Dans Intrawest, là, qui a bouleversé de façon positive l'économie des Laurentides, les pouvoirs publics ont mis beaucoup d'argent. Et c'était à bon escient, et c'était un très grand succès qui dépasse de beaucoup le 28 millions de Métaforia, puisqu'on est rendu à quelques milliards d'investissements, provoqué par des interventions du secteur public appuyant le privé.
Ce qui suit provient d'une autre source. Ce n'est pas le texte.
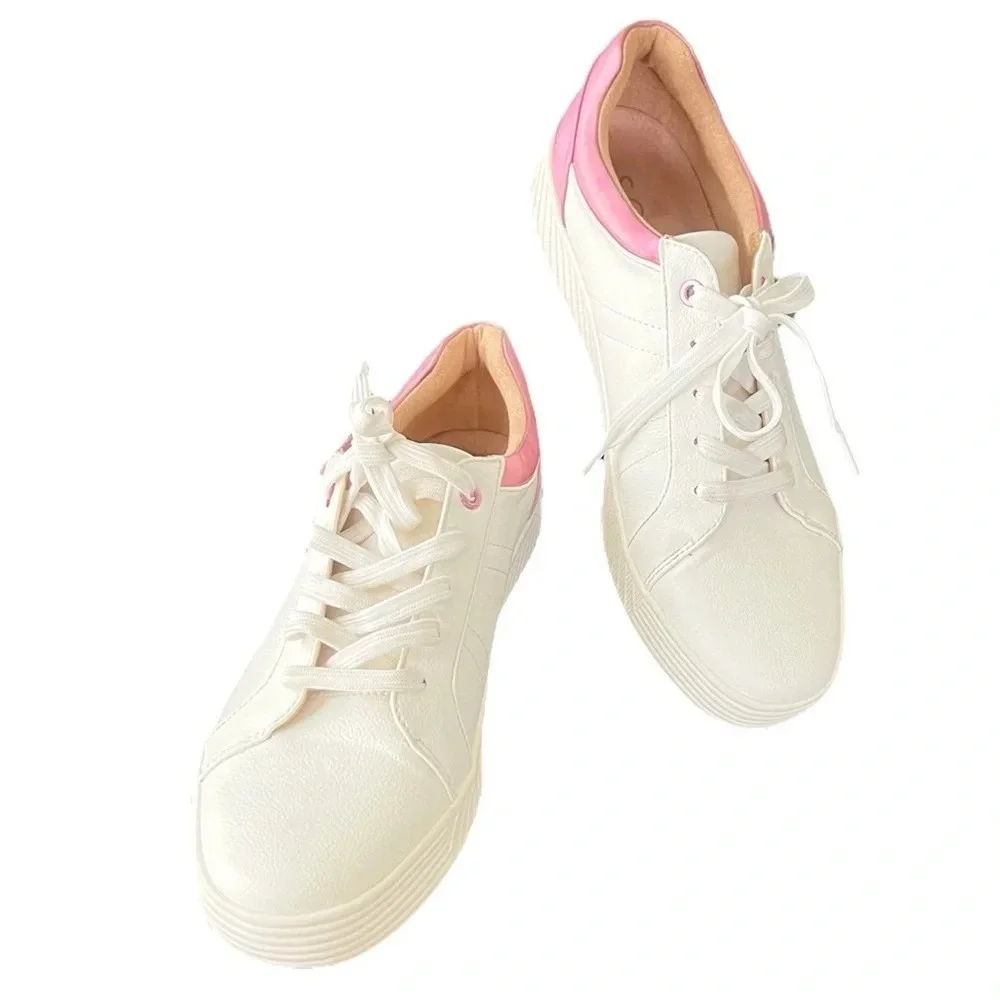 Soul Naturalizer‎ White Faux Leather Sneakers with Pink Accent Casual Everyday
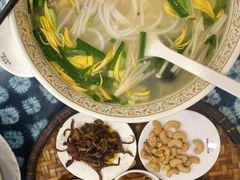 -桥香园云南过桥米线(金马碧鸡店)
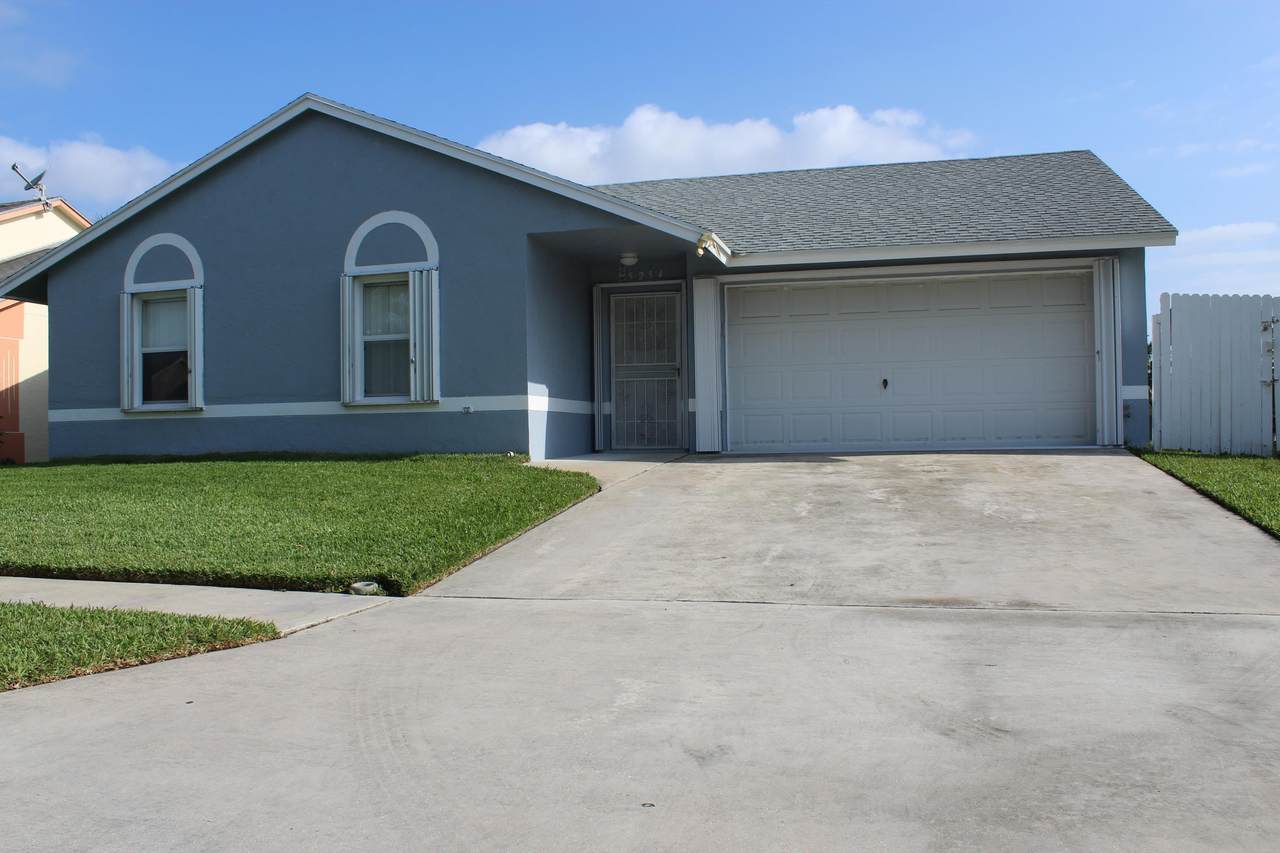 5254 Blueberry Hill Avenue - Photo 1 5254 Blueberry Hill Avenue - Photo 1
Mont-Tremblant, ça a été la même chose. Il me semble que vous faites une erreur. Et, s'appuyant sur des cas réussis... Il y a souvent des échecs. Par exemple, vous dites que vous ne voulez pas appuyer IBM, mais vous vous êtes rendus compte que, à Port-Cartier, il fallait y aller sur Québec Cartier. J'ai de la difficulté à comprendre, là, votre philosophie.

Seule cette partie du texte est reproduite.